Philippe Blain, vice-président, Services voyages chez CAA Québec, partage le point de vue exprimé en éditorial par le président et chef de la direction de CAA Québec.

« Le CAA a des responsabilités vis-à-vis ses 1,3 million de membres au Québec et de ses 7 millions de membres au Canada.
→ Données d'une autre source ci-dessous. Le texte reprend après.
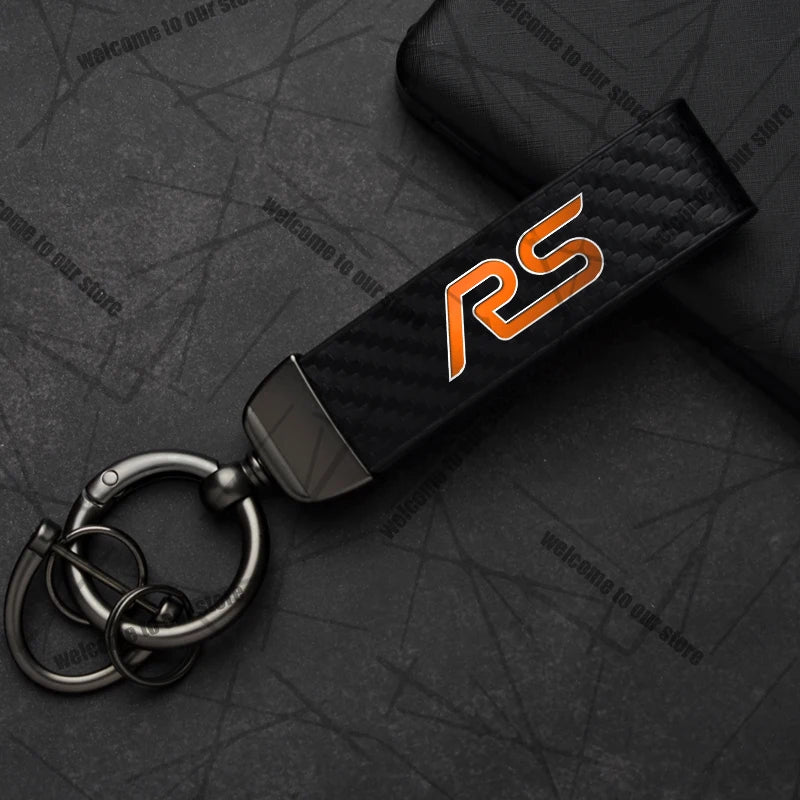 RS Logo Key Chain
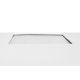 62. 19-Zoll-4HE-Wandnetzwerkschrank, SOHO 241 x 540 x 400 mm, Glastür, grau, unmontiert, 60 kg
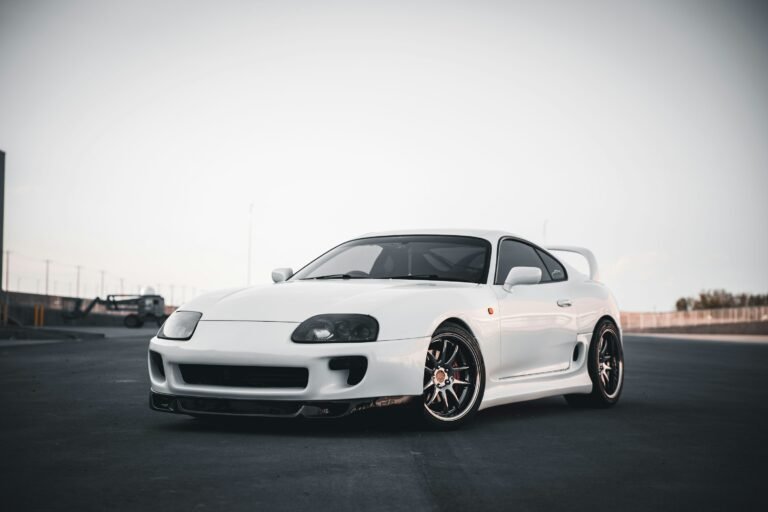 Toyota Supra MK4: The Legend That Rose in Value After Production Stopped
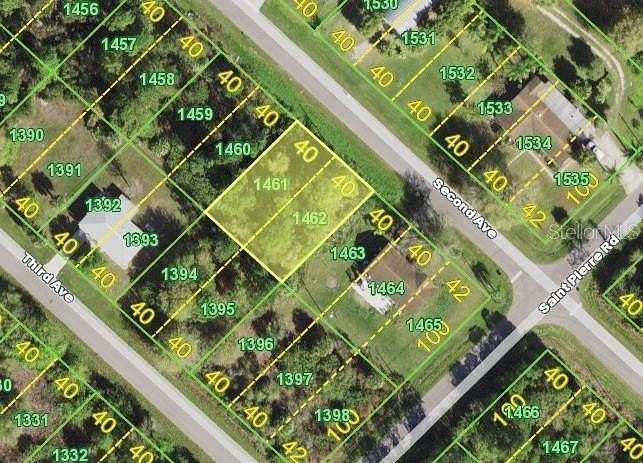 0.18 Acres of Residential Land for Sale in Punta Gorda, Florida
Comme grande proportion d’entre eux sont des voyageurs, nous voyons d’un bon œil que le Canada mette en place une charte pour les protéger – comme cela a été fait par les États-Unis et l’Union européenne. »

Mais encore faut-il que cette Charte soit bien écrite et qu’elle soit claire, pour éviter qu’on se retrouve dans une situation où des dizaines de milliers de plaintes s’accumulent, précise-t-il.

« Alors, si on peut améliorer la Charte au bénéfice de nos voyageurs et de nos membres, c’est sûr que nous allons appuyer cela », dit-il.

Invité à commenter le fait que des compagnies aériennes contestent la Charte devant la Cour suprême, Philippe Blain s’étonne quelque peu de leurs réticences… tout en s’abstenant de les condamner.

« On sait que les transporteurs – comme tous les acteurs de l’industrie – sont en train de se rebâtir. Je conçois donc qu’ils puissent avoir des réserves à l’égard de certains changements que la Charte leur impose. Cela dit, je ne crois pas que les transporteurs s’opposent au principe de base : la protection des passagers. Je crois que le débat porte plutôt sur la façon d’appliquer ce principe », avance-t-il.

Quant à CAA Québec, son analyse de la situation repose primordialement sur les intérêts de ses membres. Et à cet égard : « Une Charte claire, transparente et efficiente, c’est une bonne chose », conclut Philippe Blain.